An Orrick team led by Mel Bostwick and Eric Shumsky, partners in the firm’s Supreme Court and Appellate Practice, along with co-counsel at the National Veterans Legal Services Program, secured the win for Gulf War veteran Melba Saunders.
The Federal Circuit specifically rejected a VA rule that denies benefits to veterans for pain associated with their military service unless a medical professional can point to some current diagnosable condition associated with the pain. This rule, the Orrick team argued, conflicts with federal guarantees of compensation benefits to veterans who become disabled as a direct result of their military service. The court sided with our arguments that “disability” refers to functional impairment, not to a particular disease or injury; that pain can impair a veteran’s ability to function and earn a living; and that compensation is available as long as the disabling pain can be traced to a veteran’s military service.
Calling the rule we advocated “common sense,” the court also rejected the VA’s argument that pain must be accompanied by some specific physical evidence, such as an anatomic abnormality or limited range of motion. “The policy underlying veterans compensation – to compensative veterans whose ability to earn a living is impaired as a result of their military service – supports the holding we reach today,” the court wrote.

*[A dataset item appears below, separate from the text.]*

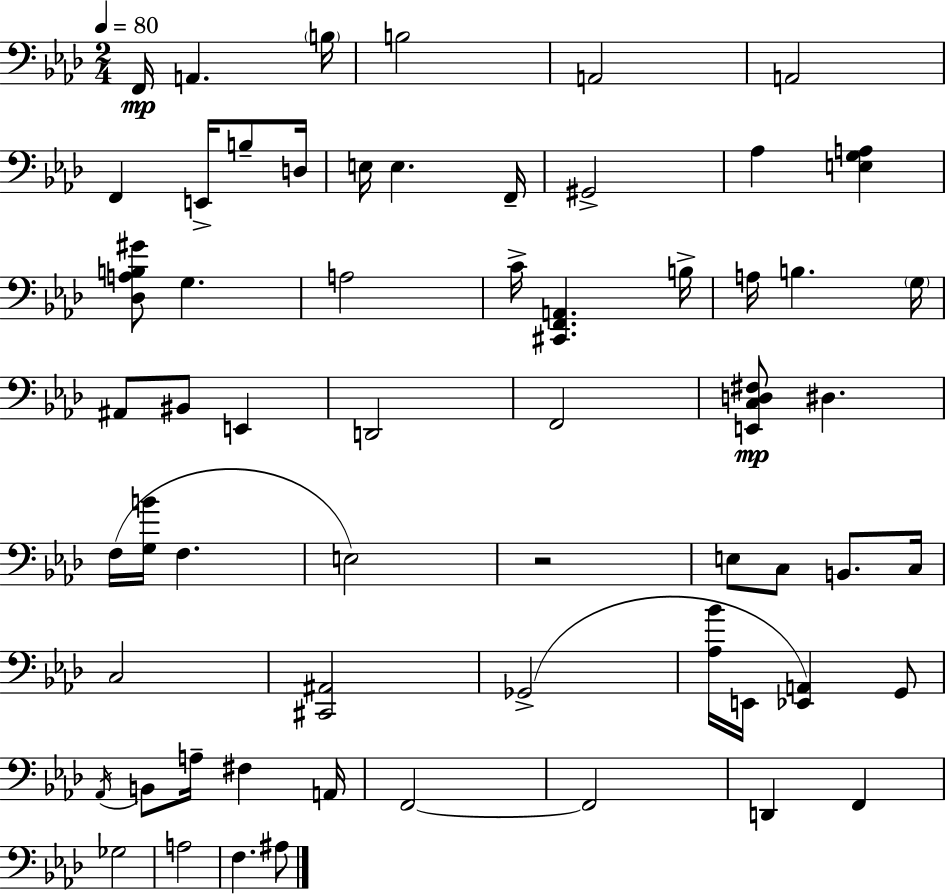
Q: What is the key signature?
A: F minor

The Federal Circuit remanded the matter to the Board of Veterans Appeals to apply the correct law and determine whether Ms. Saunders, who experiences disabling knee pain resulting from a condition incurred during her military service, is entitled to disability compensation.

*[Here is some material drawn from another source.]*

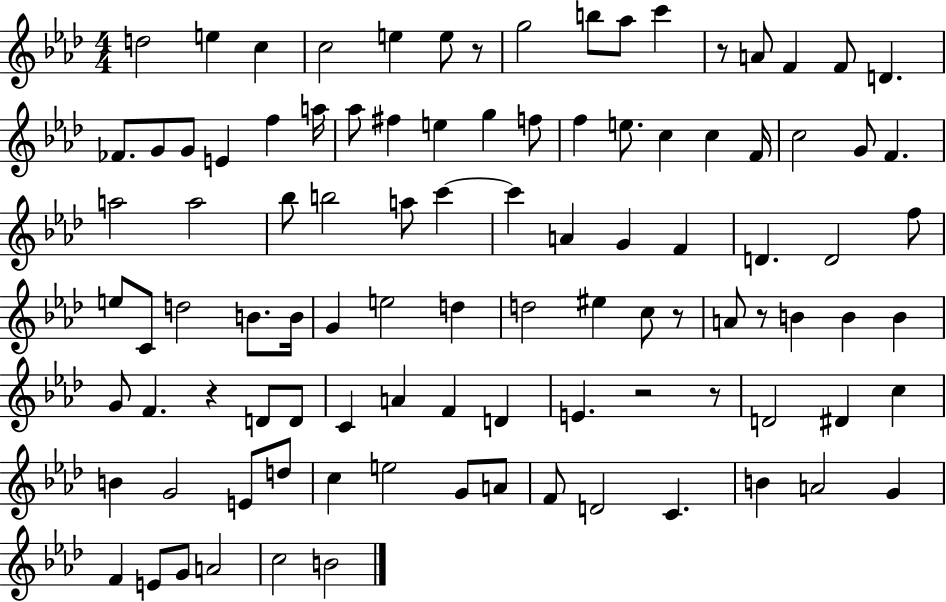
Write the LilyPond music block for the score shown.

“Congress recognized that the nation owes these veterans for their sacrifices, and the court today vindicated the common sense notion that this debt does not depend on whether a veteran’s disabling pain can be labeled with a specific medical diagnosis,” said Mel, who argued the case. “We are pleased with the court’s straightforward application of the law that corrects a decades-long error by the Department of Veterans Affairs and sets important precedent in veterans benefits cases.”